Make a tally of the lines in the records that include the string "kitchen", and give only that number.

[[ RAW DATA open ]]

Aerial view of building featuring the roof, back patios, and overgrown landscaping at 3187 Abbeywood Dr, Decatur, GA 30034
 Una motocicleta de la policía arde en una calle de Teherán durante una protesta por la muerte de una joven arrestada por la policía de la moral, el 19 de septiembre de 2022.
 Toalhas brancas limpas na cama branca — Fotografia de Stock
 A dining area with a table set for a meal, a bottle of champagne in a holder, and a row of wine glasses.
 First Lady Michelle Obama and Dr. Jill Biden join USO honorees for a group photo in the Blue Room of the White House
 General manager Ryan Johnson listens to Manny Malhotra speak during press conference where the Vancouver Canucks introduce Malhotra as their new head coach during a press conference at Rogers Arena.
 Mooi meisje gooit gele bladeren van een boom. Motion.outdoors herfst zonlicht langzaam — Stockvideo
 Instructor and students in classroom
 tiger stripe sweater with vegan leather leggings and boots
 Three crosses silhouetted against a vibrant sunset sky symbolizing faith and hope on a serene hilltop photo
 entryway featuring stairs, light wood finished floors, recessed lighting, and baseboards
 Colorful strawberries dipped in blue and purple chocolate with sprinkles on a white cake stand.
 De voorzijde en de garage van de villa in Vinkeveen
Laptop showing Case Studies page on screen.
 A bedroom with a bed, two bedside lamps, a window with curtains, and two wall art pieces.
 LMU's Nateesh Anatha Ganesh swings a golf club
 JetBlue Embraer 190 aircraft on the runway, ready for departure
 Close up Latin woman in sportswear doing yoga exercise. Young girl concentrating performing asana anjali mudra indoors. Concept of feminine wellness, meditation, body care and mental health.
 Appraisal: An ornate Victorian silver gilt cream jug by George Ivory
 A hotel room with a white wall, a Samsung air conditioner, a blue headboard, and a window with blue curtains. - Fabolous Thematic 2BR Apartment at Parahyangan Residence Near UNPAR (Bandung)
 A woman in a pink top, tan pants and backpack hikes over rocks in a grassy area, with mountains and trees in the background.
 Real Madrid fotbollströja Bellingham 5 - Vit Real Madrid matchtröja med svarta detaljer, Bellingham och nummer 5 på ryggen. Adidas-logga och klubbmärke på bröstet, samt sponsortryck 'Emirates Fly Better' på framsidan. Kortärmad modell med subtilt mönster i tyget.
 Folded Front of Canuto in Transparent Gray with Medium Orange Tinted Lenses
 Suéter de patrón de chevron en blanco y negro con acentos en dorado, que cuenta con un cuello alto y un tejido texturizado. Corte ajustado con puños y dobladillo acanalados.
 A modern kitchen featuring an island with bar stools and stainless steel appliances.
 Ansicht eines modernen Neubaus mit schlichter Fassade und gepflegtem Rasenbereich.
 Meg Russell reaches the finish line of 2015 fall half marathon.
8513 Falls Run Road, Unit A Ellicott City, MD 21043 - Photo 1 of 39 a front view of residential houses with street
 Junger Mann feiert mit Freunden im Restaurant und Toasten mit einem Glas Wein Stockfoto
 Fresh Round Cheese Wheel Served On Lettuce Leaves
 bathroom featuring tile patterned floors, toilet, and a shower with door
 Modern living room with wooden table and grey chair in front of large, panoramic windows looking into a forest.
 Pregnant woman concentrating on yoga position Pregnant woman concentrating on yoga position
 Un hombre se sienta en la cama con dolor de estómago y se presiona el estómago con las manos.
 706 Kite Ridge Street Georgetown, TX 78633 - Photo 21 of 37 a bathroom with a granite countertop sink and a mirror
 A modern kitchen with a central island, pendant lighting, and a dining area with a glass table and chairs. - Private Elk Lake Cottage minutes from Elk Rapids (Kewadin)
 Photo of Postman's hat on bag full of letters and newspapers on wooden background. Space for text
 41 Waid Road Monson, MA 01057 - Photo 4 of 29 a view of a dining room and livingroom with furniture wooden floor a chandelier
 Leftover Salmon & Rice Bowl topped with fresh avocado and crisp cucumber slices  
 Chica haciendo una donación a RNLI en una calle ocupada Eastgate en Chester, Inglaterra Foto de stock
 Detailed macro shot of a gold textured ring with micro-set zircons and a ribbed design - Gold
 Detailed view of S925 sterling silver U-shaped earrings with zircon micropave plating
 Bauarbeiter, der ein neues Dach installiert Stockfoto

[[ RAW DATA closed ]]

> _RESPONSE_
2